Note: Since the first notebooks in this project are not identical to those of the walkthrough project Churnometer, namely we did data cleaning before the EDA (which is a valid approach), we will therefore assess correlation levels and PPS here before starting the feature engineering process in the next notebook.

In [None]:
import numpy as np
import matplotlib.pyplot as plt
import seaborn as sns
import ppscore as pps


def heatmap_corr(df, threshold, figsize=(20, 12), font_annot=8):
    if len(df.columns) > 1:
        mask = np.zeros_like(df, dtype=np.bool)
        mask[np.triu_indices_from(mask)] = True
        mask[abs(df) < threshold] = True

        fig, axes = plt.subplots(figsize=figsize)
        sns.heatmap(df, annot=True, xticklabels=True, yticklabels=True,
                    mask=mask, cmap='viridis', annot_kws={"size": font_annot}, ax=axes,
                    linewidth=0.5
                    )
        axes.set_yticklabels(df.columns, rotation=0)
        plt.ylim(len(df.columns), 0)
        plt.show()


def heatmap_pps(df, threshold, figsize=(20, 12), font_annot=8):
    if len(df.columns) > 1:
        mask = np.zeros_like(df, dtype=np.bool)
        mask[abs(df) < threshold] = True
        fig, ax = plt.subplots(figsize=figsize)
        ax = sns.heatmap(df, annot=True, xticklabels=True, yticklabels=True,
                         mask=mask, cmap='rocket_r', annot_kws={"size": font_annot},
                         linewidth=0.05, linecolor='grey')
        plt.ylim(len(df.columns), 0)
        plt.show()


def CalculateCorrAndPPS(df):
    df_corr_spearman = df.corr(method="spearman")
    df_corr_pearson = df.corr(method="pearson")

    pps_matrix_raw = pps.matrix(df)
    pps_matrix = pps_matrix_raw.filter(['x', 'y', 'ppscore']).pivot(columns='x', index='y', values='ppscore')

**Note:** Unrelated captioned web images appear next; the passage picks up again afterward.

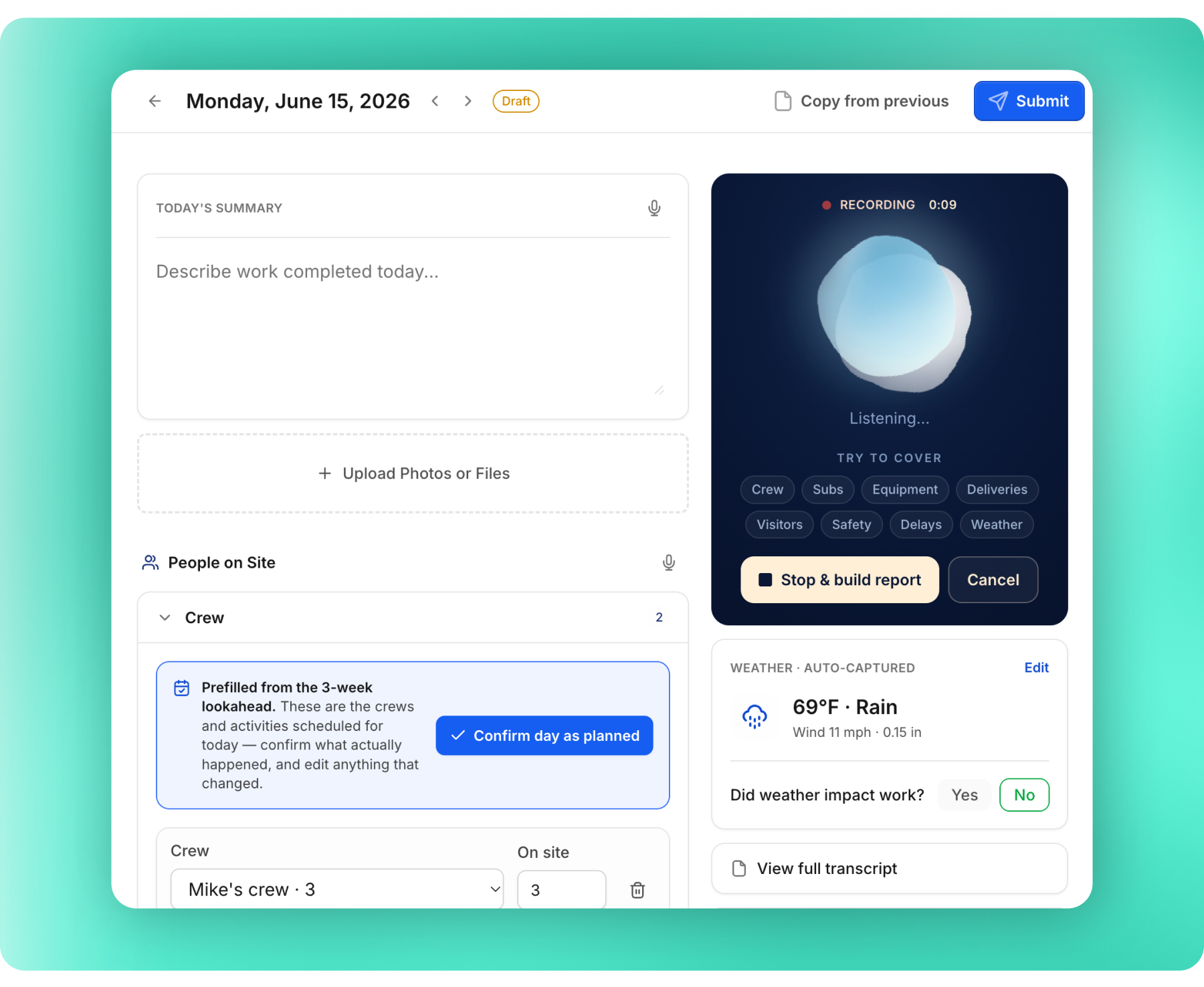 Shipped Nova editor — voice-first capture with the form as a review surface Nova fills in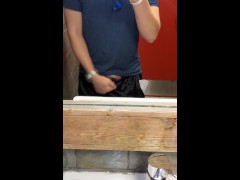 punching my balls in a public bathroom, almost got caught! - Screenshot 4 of 16 - Self Ball Busting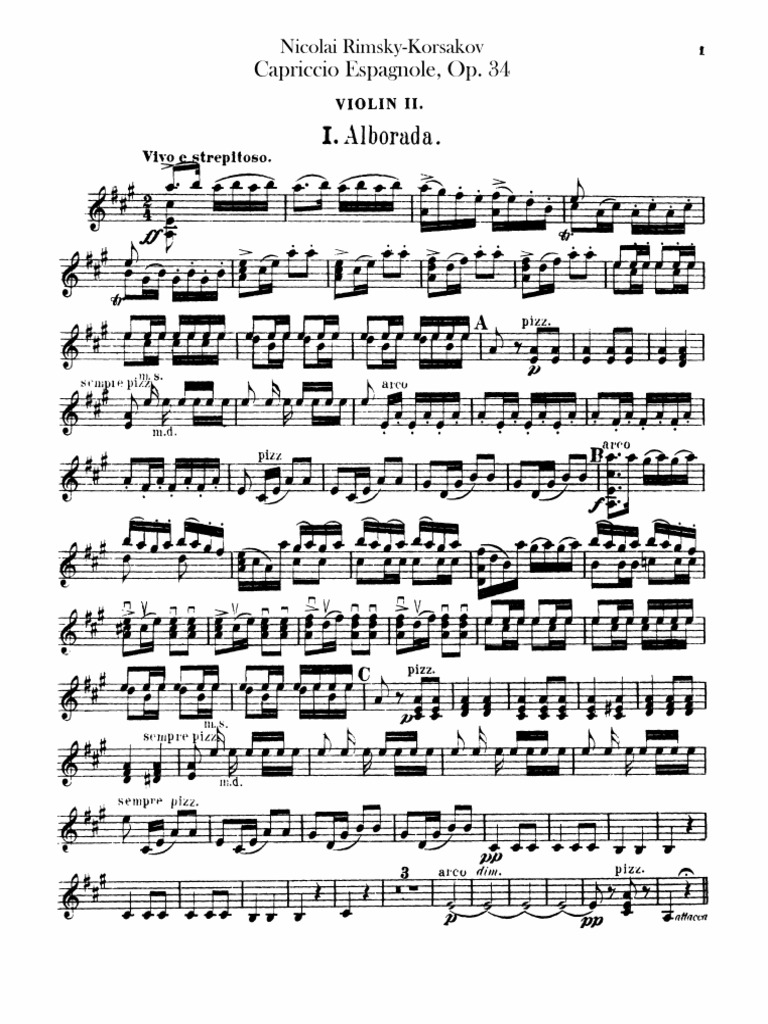 12 Rimsky Korsakov Capricho Español Op. 35 Violin 2 PDF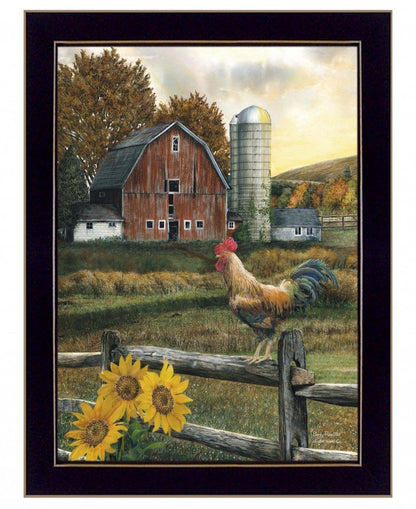 Early Rooster 1 Black Framed Print Wall Art HomeRoots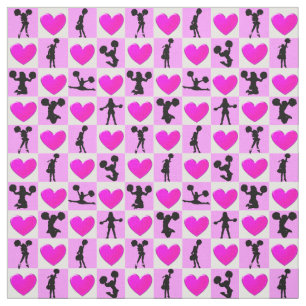 TISSU J'ADORE LE COEUR ROSE CHEERLEADES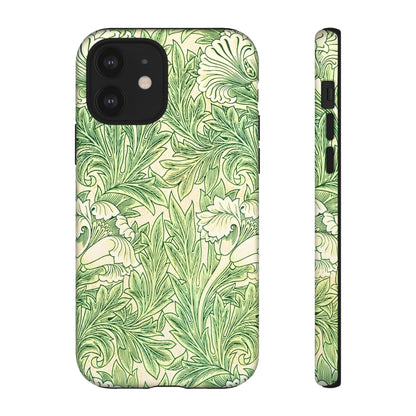 Green Floral Phone Case, Botanical iPhone Cover, Tough Phone Shell, Nature-inspired Gift, Eco-friendly Tech Accessory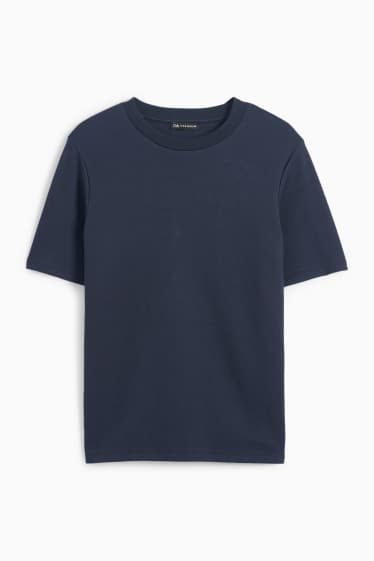 Kinder Buben - Kurzarmshirt - strukturiert - dunkelblau
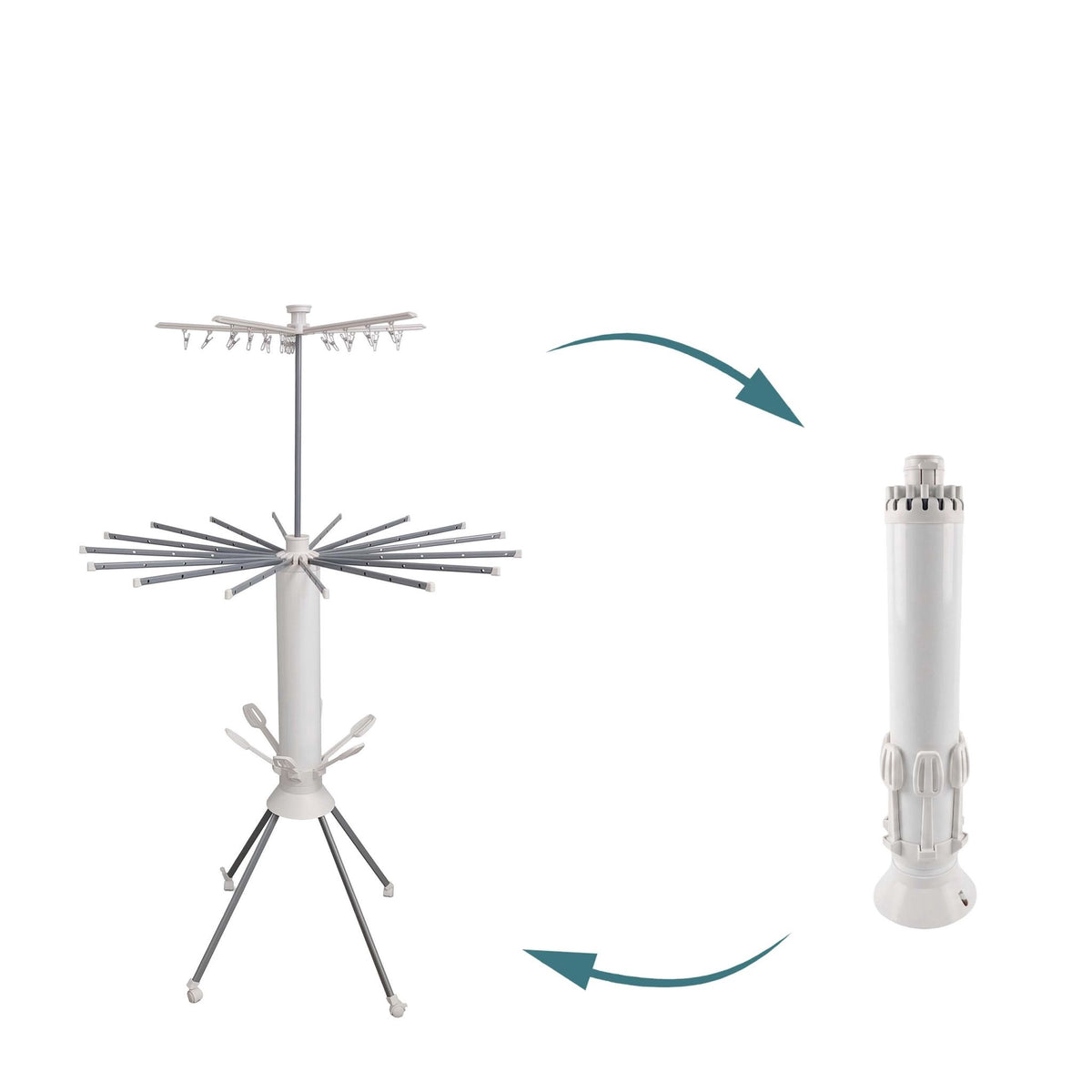 Compact Rotary Clothes Airer with 16 Extendable Rods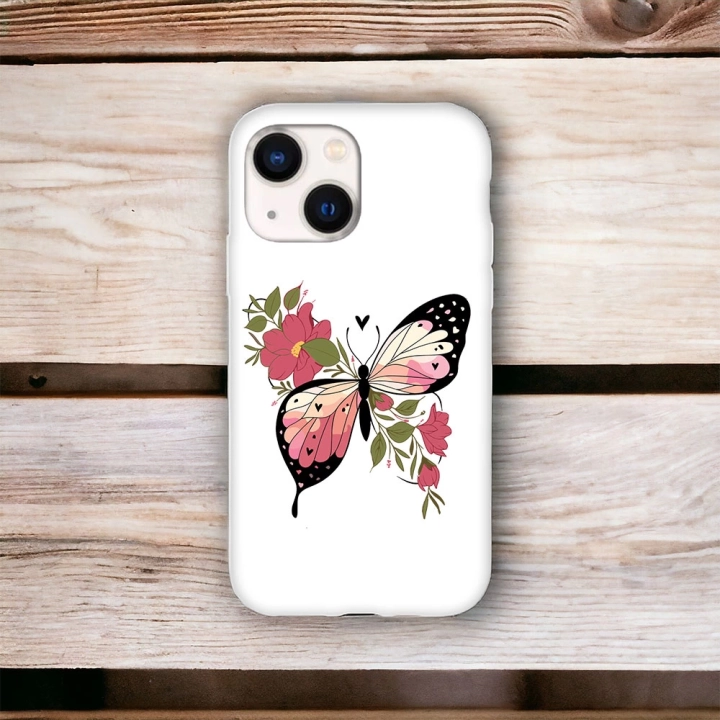 İphone 13 / 14 Uyumlu Lansman İçi Kadife Butterfly Desenli Kılıf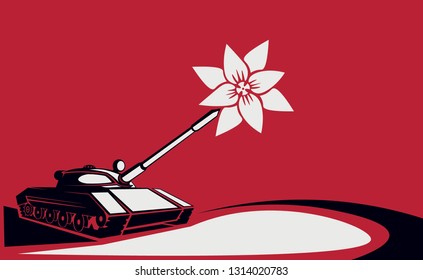 Abstract illustration of a soviet tank. Muzzle flash in shape of flower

    pps_score_stats = pps_matrix_raw.query("ppscore < 1").filter(['ppscore']).describe().T
    print("PPS threshold - check PPS score IQR to decide threshold for heatmap \n")
    print(pps_score_stats.round(3))

    return df_corr_pearson, df_corr_spearman, pps_matrix


def DisplayCorrAndPPS(df_corr_pearson, df_corr_spearman, pps_matrix, CorrThreshold, PPS_Threshold,
                      figsize=(20, 12), font_annot=8):

    print("\n")
    print("* Analyse how the target variable for your ML models are correlated with other variables (features and target)")
    print("* Analyse multi-colinearity, that is, how the features are correlated among themselves")

    print("\n")
    print("*** Heatmap: Spearman Correlation ***")
    print("It evaluates monotonic relationship \n")
    heatmap_corr(df=df_corr_spearman, threshold=CorrThreshold, figsize=figsize, font_annot=font_annot)

    print("\n")
    print("*** Heatmap: Pearson Correlation ***")
    print("It evaluates the linear relationship between two continuous variables \n")
    heatmap_corr(df=df_corr_pearson, threshold=CorrThreshold, figsize=figsize, font_annot=font_annot)

    print("\n")
    print("*** Heatmap: Power Predictive Score (PPS) ***")
    print(f"PPS detects linear or non-linear relationships between two columns.\n"
          f"The score ranges from 0 (no predictive power) to 1 (perfect predictive power) \n")
    heatmap_pps(df=pps_matrix, threshold=PPS_Threshold, figsize=figsize, font_annot=font_annot)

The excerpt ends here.